The top secret site has been the subject of decades-old conspiracies about alien autopsies and UFO storage. According to CIA, however, who formally acknowledged the base’s existence in 2013, it is a U.S. spy plane testing site.
The guards who patrol the site are alerted to intruders by sensors on the dirt roads and are authorized to detain them until sheriff’s deputies arrive. Roughly two to three people break into the area a month and get a $500 citation, Lee says.
“Honestly, they’re like security any place else,” Lee said. “Their job is to keep people from trespassing to the facility.”
But in some ways the top-secret area they protect makes their job unlike any else.
For one, some of these Department of Defense contractors commute to work by an umarked “Janet” airline that departs from a guarded airport on the Las Vegas strip.
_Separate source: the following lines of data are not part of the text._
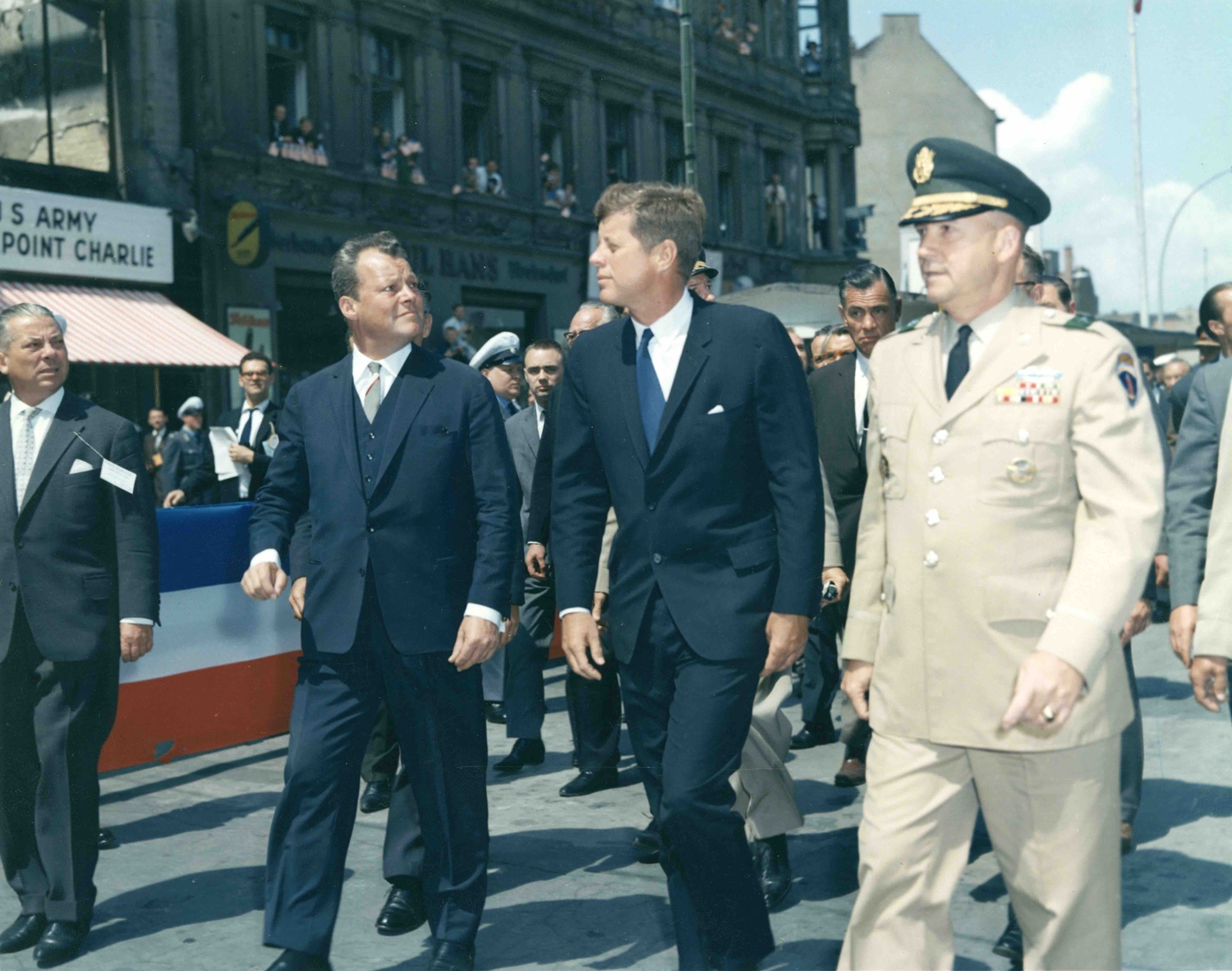 26. Juni 1963 Die ursprüngliche Bildunterschrift auf der Rückseite des Abzugs lautet: „Präsident John F. Kennedy trifft am ‚Checkpoint Charlie‘ in Berlin ein. Begleitet wird der Präsident von Brigadegeneral Frederick O. Hartel, Kommandeur der Berlin-Brigade, und dem West-Berliner Bürgermeister Willy Brandt.“ Berlin, Deutschland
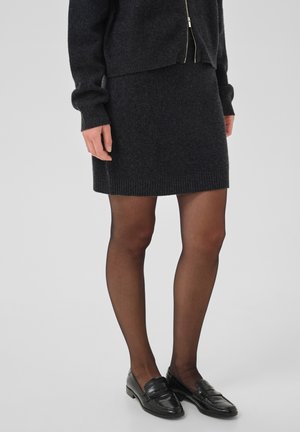 Personne portant un pull foncé zippé, une jupe foncée assortie, des collants noirs transparents et des mocassins noirs, debout devant un fond uni.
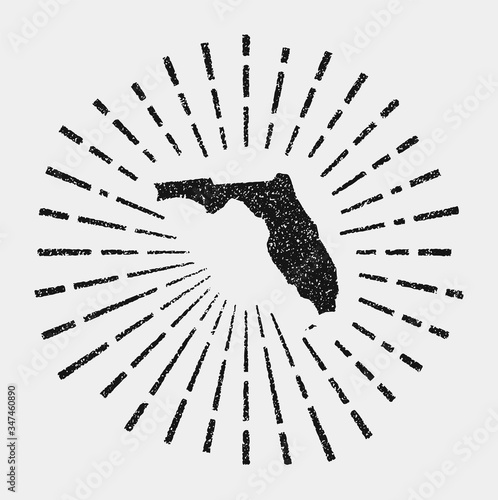 Vintage map of Florida. Grunge sunburst around the US state. Black Florida shape with sun rays on white background. Vector illustration.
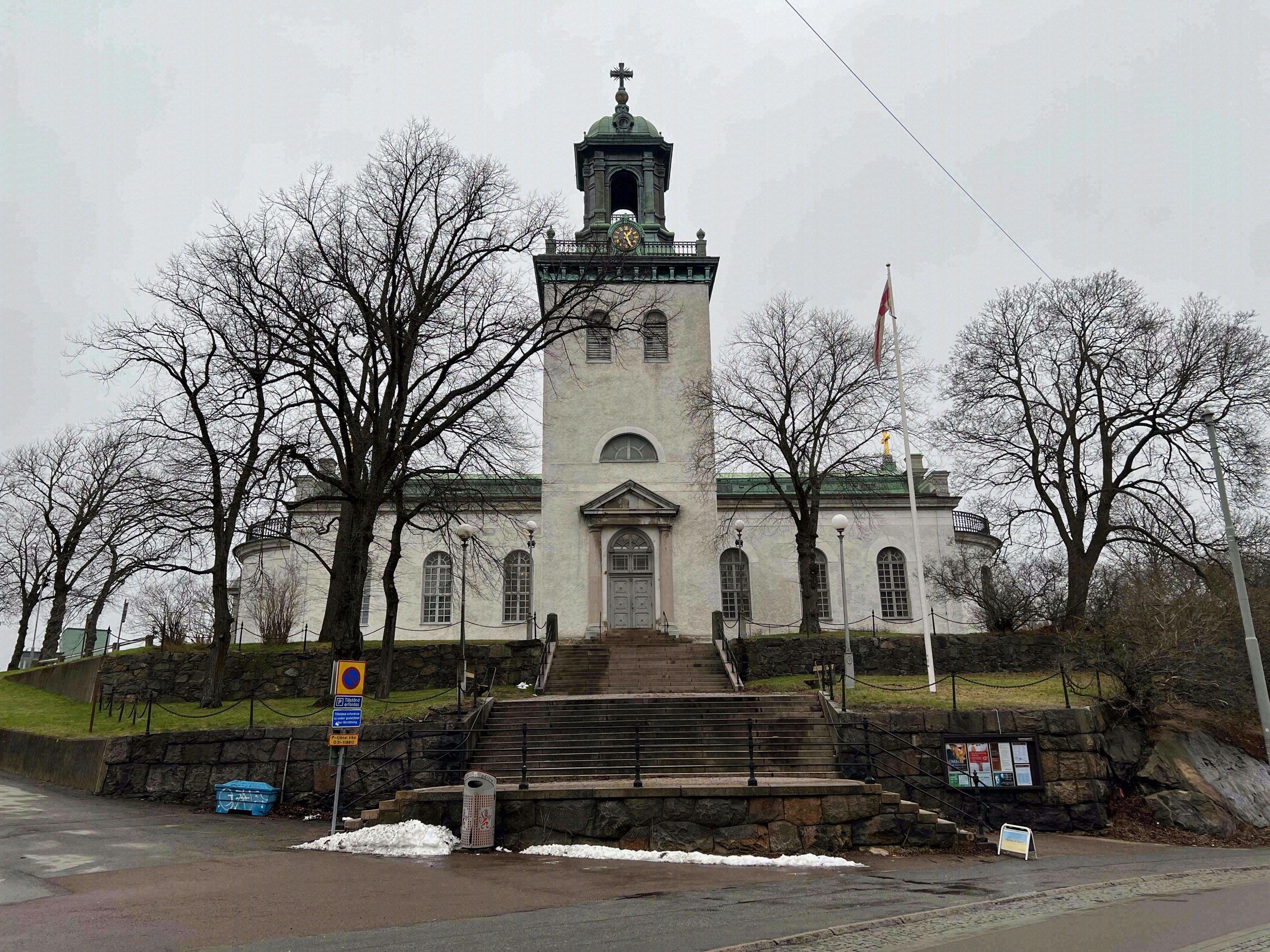 Die weiße neoklassizistische Carl Johans kyrka in Majorna auf einer Anhöhe mit grüner Turmkuppel und Freitreppe.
The flight takes them to the Mojave Desert site, located roughly 150 miles north of Sin City. Some of the guards commute in from rural Rachel or Alamo, Nev., the nearest towns to the Air Force base.
The security workers not only protect the military testing site by patrolling its border, but they reportedly never disclose where they work, instead referring to the site as “nowhere” or “out of town,” according to a 2001 Las Vegas Review-Journal story about a security guard strike.
They also take measures to conceal their own identity when they encounter intruders on the remote site.
“The guards usually keep their distance and tend to be camera-shy to protect their identities,” Peter Merlin, an Area 51 researcher, told the Daily News.
Signs at the entrance to the Air Force base give the “Camo Dudes” authorization to use deadly force on trespassers, according to some who have attempted to break into the mysterious base.
“According to signs at the border, use of deadly force is authorized. They can shoot you,” Glenn Campbell, who lived near and researched Area 51 for 10 years in an attempt to spot extraterrestrial activity. He never saw a UFO, but he caught sight of the “Cammo Dudes” on the occasions he entered the base, Campbell said.
The spokesperson for the Department of Defense would not comment or confirm the contractor who employs the security guards. As of 2002, they were employed by URS Corporation, which was acquired by AECOM in 2014.
A spokesperson for AECOM, a global infrastructure firm, would not confirm whether they employed the officers.